The reply should hold every line of the listing exactly, and none of its images.

__Data shown__:
-.-.-

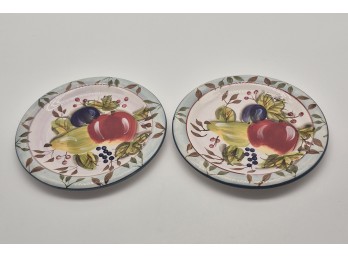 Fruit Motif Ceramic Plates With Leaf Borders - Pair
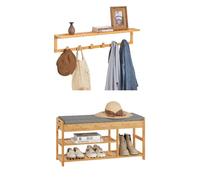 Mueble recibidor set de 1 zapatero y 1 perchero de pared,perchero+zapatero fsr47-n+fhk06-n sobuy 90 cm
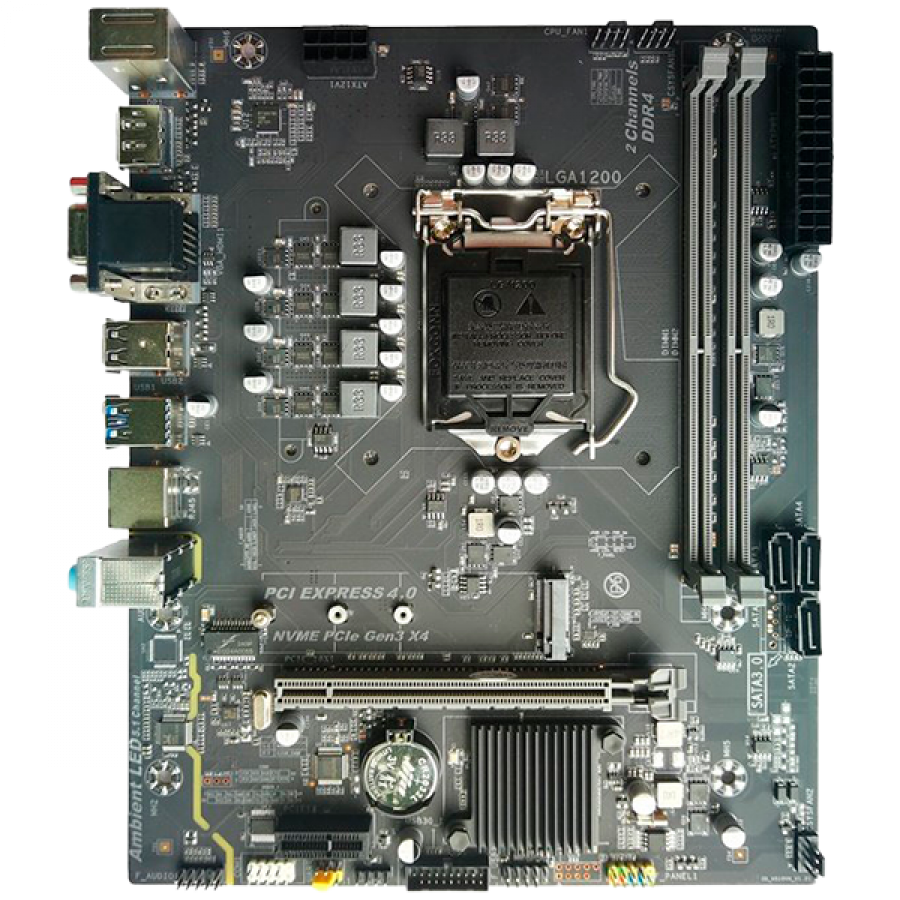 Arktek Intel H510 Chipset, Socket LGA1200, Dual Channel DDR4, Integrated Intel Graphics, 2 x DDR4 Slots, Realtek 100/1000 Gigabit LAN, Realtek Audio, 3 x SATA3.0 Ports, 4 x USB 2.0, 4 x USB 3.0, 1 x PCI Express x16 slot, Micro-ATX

-.-.-

__Written solution__:
 Fruit Motif Ceramic Plates With Leaf Borders - Pair
 Mueble recibidor set de 1 zapatero y 1 perchero de pared,perchero+zapatero fsr47-n+fhk06-n sobuy 90 cm
 Arktek Intel H510 Chipset, Socket LGA1200, Dual Channel DDR4, Integrated Intel Graphics, 2 x DDR4 Slots, Realtek 100/1000 Gigabit LAN, Realtek Audio, 3 x SATA3.0 Ports, 4 x USB 2.0, 4 x USB 3.0, 1 x PCI Express x16 slot, Micro-ATX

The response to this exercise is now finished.